On Lynda's birthday, Del gets her a new café sign that says "Lynda's". They all sit down to have cake but Noreen goes to the bathroom and finds that she has more spotting. She decides that it is time for her to call Gladys, and goes outside to use the payphone. When she returns, everyone looks upset. Seth tells her that his mother is going to close the café. Noreen feels weird and goes back to the washroom where she finds a huge blood clot and knows that she has lost the baby. Dolores calls Wesley and he is there within the hour. Later that night, down by the water, Noreen tells Del that Lynda is madly in love with him. He abruptly gets up and speeds back to the café.

The following morning, Wesley and Noreen go to the clinic in Willow Point to confirm what she already knows to be true. After this, she tells Wesley, for the first time, that she loves him.

== Characters ==
- Noreen Stall, a reckless 17-year-old girl who may or may not be pregnant with Wesley's child. She has uneven short blonde hair because she decides on a whim to cut it herself. She cusses and is followed by trouble wherever she goes, but this does not stop people from caring about her.
- Lynda Bradley, a 36-year-old divorced mother who used to teach at R.G. McGrath. She now runs The Molly Thorvaldson Café (later changed to Linda's) that she inherited from her stepfather, Joe Hartman. She also realizes that she is in love with Del.
- Seth Bradley, Lynda's 5-year-old son. He is pesky but loveable. He always seems to be able to put two and two together even though he is much younger than everybody else. He accepts Noreen right away and treats her like an older sister.
- Dolores Harper, a 76-year-old widow with the energy of a 60-year-old who likes to help out in the café every Saturday morning. She can search out any lie and gives the best advice.
- Mirella Harper, Dolores' only daughter who died at age 36 of leukemia the previous summer.
- Mary Reed, she loves to gossip and belittle people but would never miss church on a Sunday. She is one of Dolores' oldest friends. However, the original closeness between them is gone until Dolores discovers that Mary had a stroke earlier on in the year. This is why they no longer take drives together.

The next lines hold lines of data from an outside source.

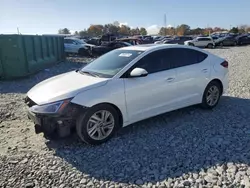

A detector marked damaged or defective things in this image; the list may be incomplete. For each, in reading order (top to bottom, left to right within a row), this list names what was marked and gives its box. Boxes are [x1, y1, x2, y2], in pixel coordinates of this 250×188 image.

damaged front bumper [25, 97, 82, 138] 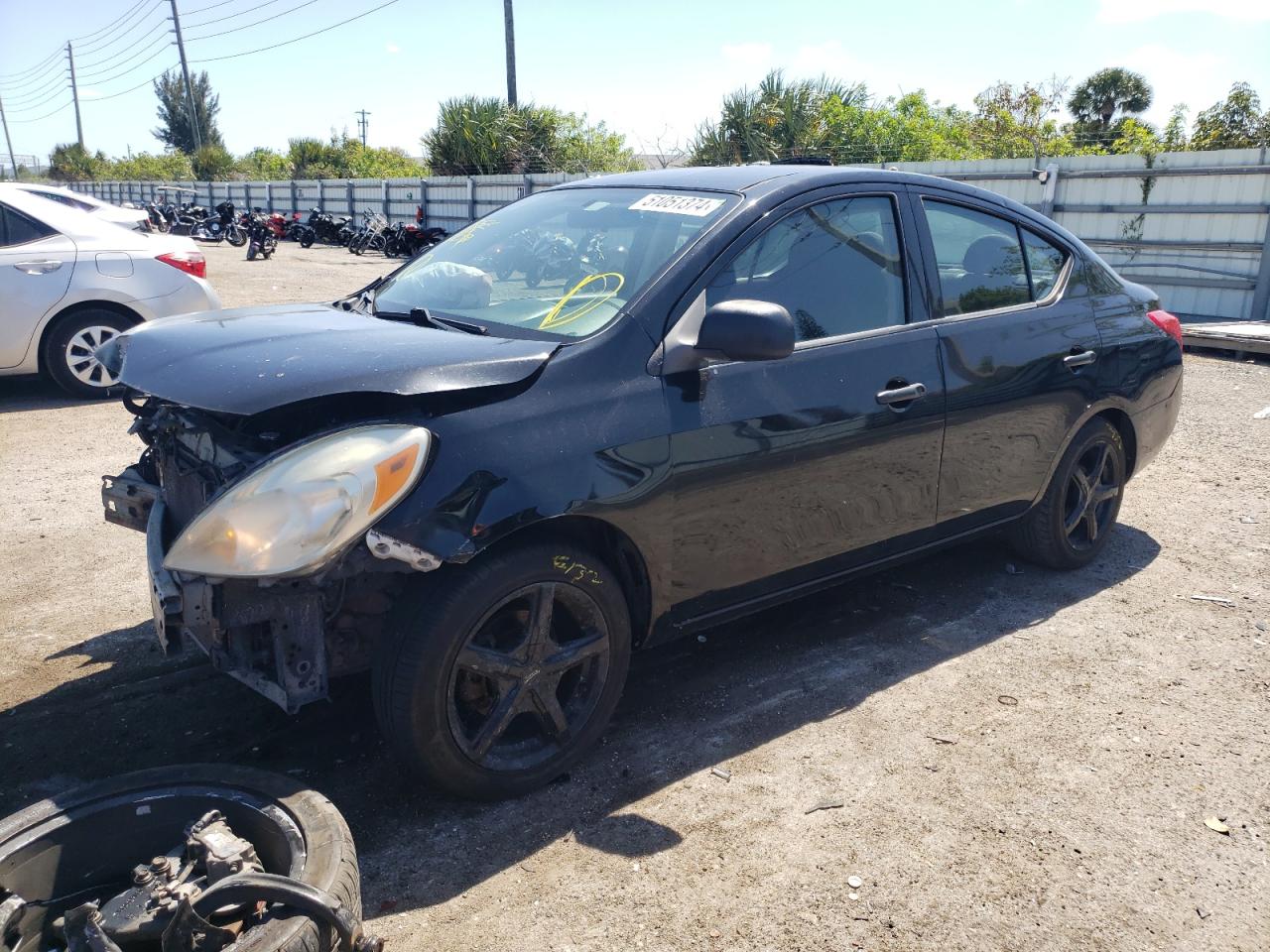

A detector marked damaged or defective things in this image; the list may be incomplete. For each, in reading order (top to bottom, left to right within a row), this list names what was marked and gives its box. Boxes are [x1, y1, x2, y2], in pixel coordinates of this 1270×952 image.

cracked windshield [370, 186, 736, 334]
damaged front end [101, 396, 437, 715] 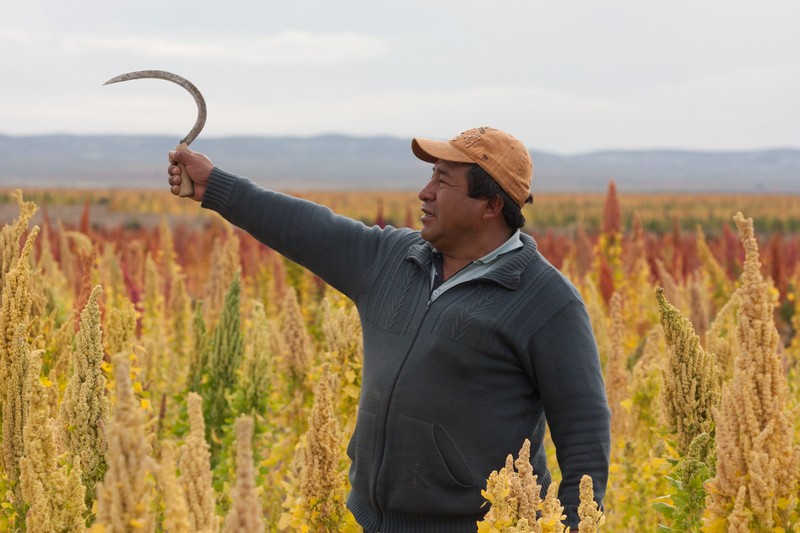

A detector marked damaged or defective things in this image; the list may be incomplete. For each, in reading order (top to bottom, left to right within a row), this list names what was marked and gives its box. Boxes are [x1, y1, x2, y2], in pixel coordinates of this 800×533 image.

rusty sickle [103, 69, 208, 196] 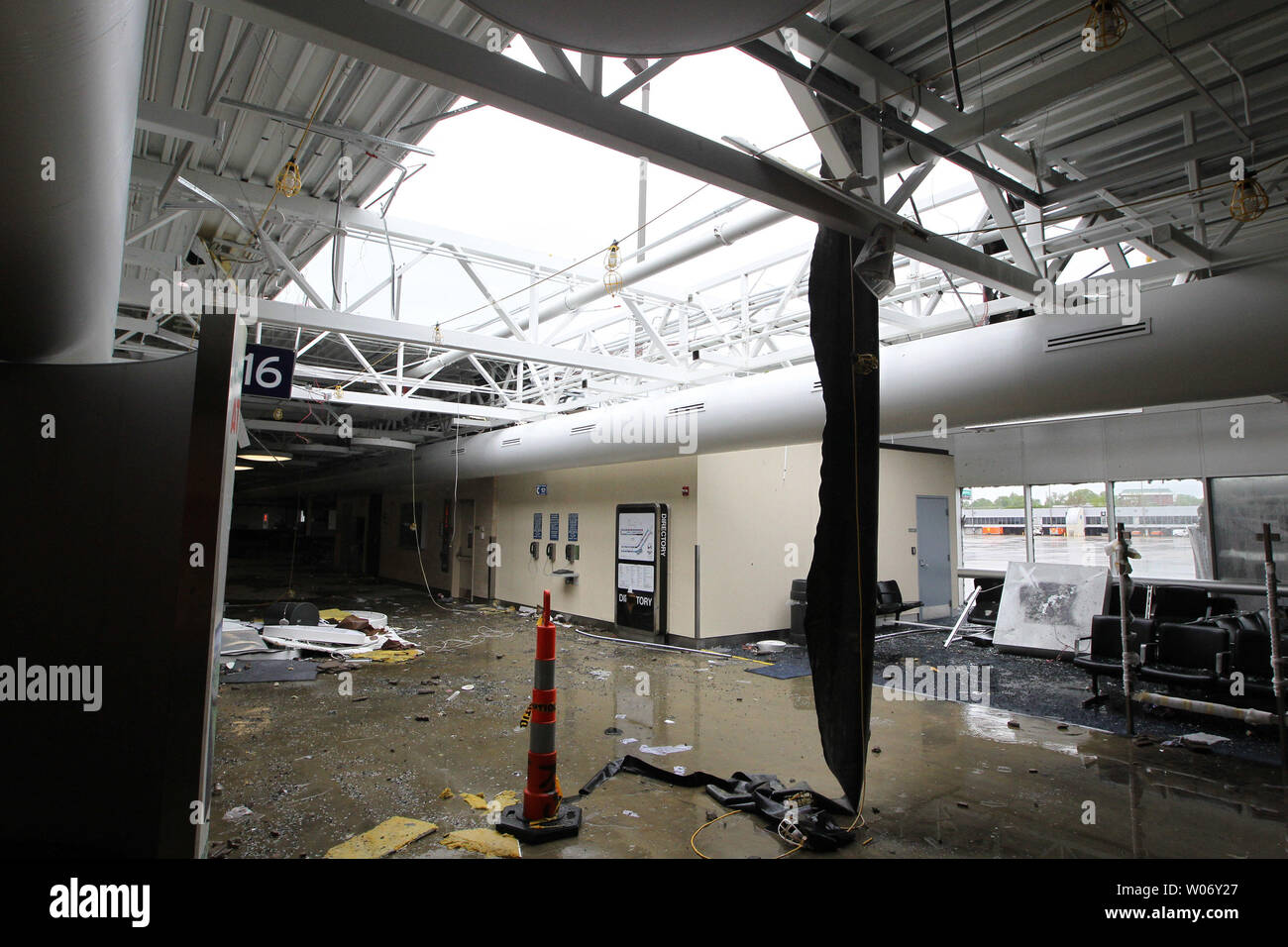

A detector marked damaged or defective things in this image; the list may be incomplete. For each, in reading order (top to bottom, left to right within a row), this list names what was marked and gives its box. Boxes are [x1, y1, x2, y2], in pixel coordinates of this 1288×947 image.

black torn fabric hanging [577, 757, 855, 850]
black torn fabric hanging [808, 221, 881, 808] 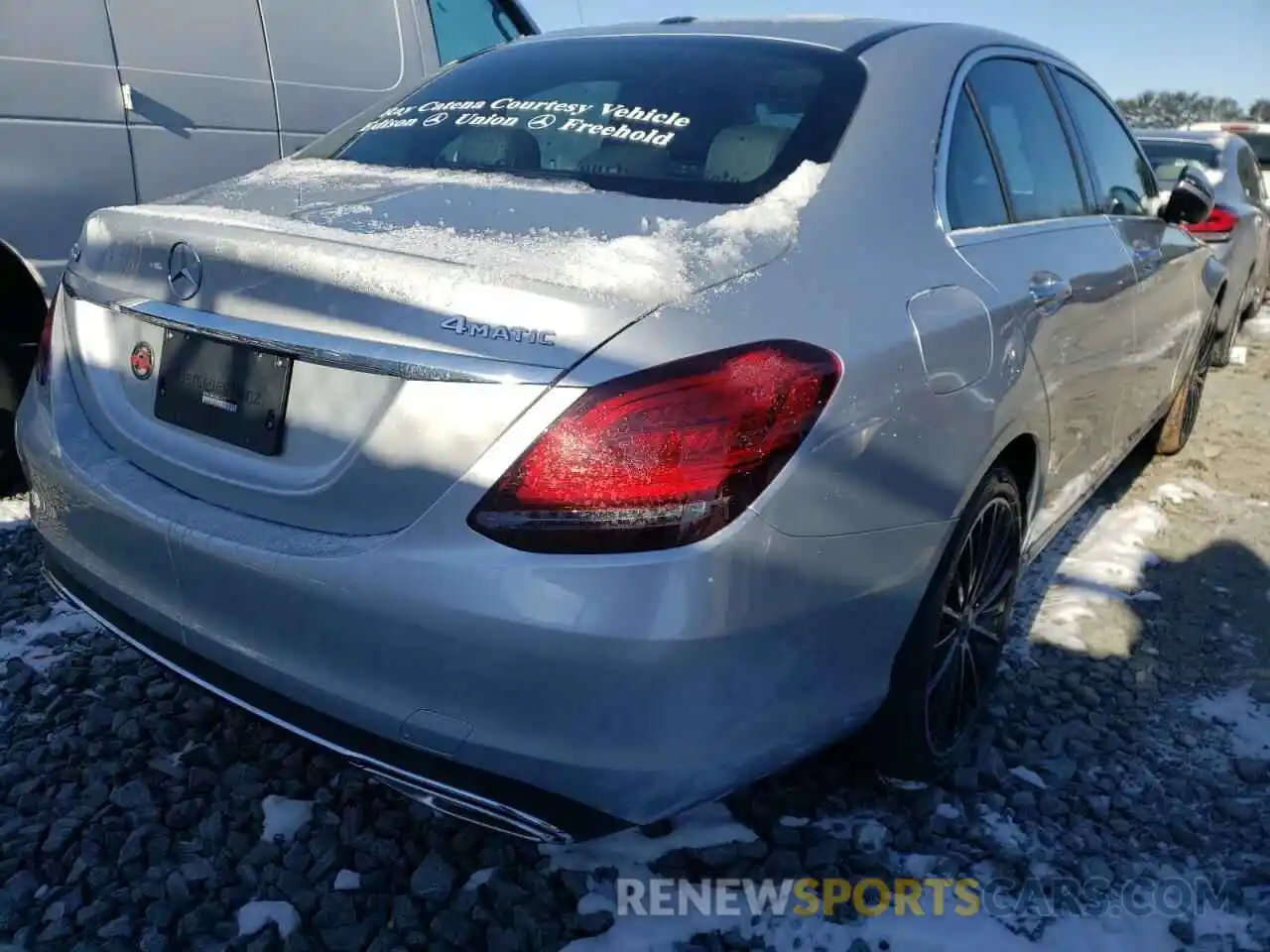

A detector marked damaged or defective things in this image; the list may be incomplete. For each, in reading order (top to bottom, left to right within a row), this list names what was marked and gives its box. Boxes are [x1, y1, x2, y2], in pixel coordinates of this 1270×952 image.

dent on rear quarter panel [904, 283, 990, 396] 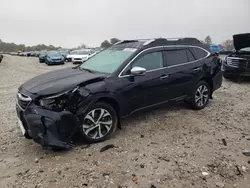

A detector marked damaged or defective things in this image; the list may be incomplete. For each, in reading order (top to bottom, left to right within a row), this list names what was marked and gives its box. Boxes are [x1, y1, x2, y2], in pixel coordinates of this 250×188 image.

crumpled hood [232, 33, 250, 50]
crumpled hood [18, 67, 106, 96]
damaged front bumper [16, 103, 77, 149] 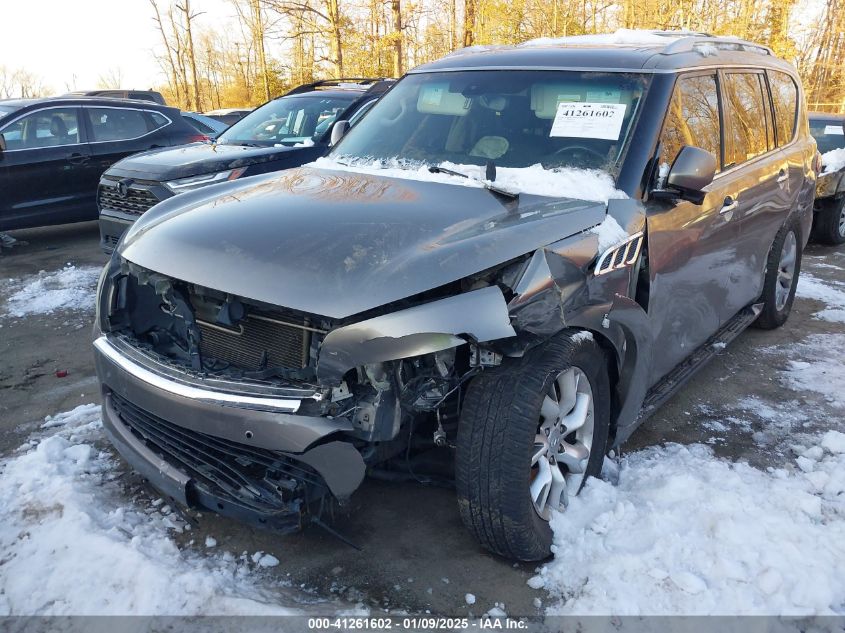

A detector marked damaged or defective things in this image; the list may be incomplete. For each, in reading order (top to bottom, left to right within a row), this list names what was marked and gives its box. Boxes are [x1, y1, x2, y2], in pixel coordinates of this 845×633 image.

crumpled front fender [314, 288, 516, 386]
damaged gray suv [94, 32, 816, 560] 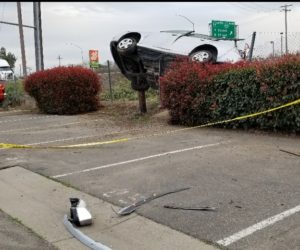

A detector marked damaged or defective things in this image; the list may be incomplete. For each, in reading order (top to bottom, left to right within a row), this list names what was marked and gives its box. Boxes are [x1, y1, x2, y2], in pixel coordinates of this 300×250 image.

- Ronnie, Mary's grandson who is married to Clarissa. They are the parents of Caitlin Louise, Mary's first great-grandchild. They live on Prince Edward Island in the Maritimes.
- Del Armstrong, a bachelor farmer in his early fifties. He is filled with regret because of something he did in the past. He spends his time restoring his brother's cottage by the lake and helping Lynda whenever he can, because he is in love with her.
- Danny Armstrong, Del's older brother who drowned in the lake 34 years ago after finding out that Del and his wife, Vera, were intimate.
- Wesley Cuthand, is Cree and Noreen's current boyfriend. He is almost 21 and works at Dan's Construction in Brandon. He values the truth and expects it even though he hardly ever gets it. He used to have long black hair, but cut it when Noreen left him.
- Bradley, Noreen's ex-boyfriend from when she was 14.
- Tyler, Noreen's most recent ex-boyfriend who left her in Saskatoon.
- Gladys, Noreen's 24-year-old stepsister who is married to Gerry. Gladys essentially takes care of Noreen after Gladys' father, Bob, marries Noreen's mother.
- Amazing, whose real name is Grace. She was pregnant with Noreen at age 17. According to Noreen, she is either drunk or working.
- Bob, Noreen's stepfather. He is nice before he is married to Amazing and buys Noreen a doll, but once they are married, he becomes abusive and perverted.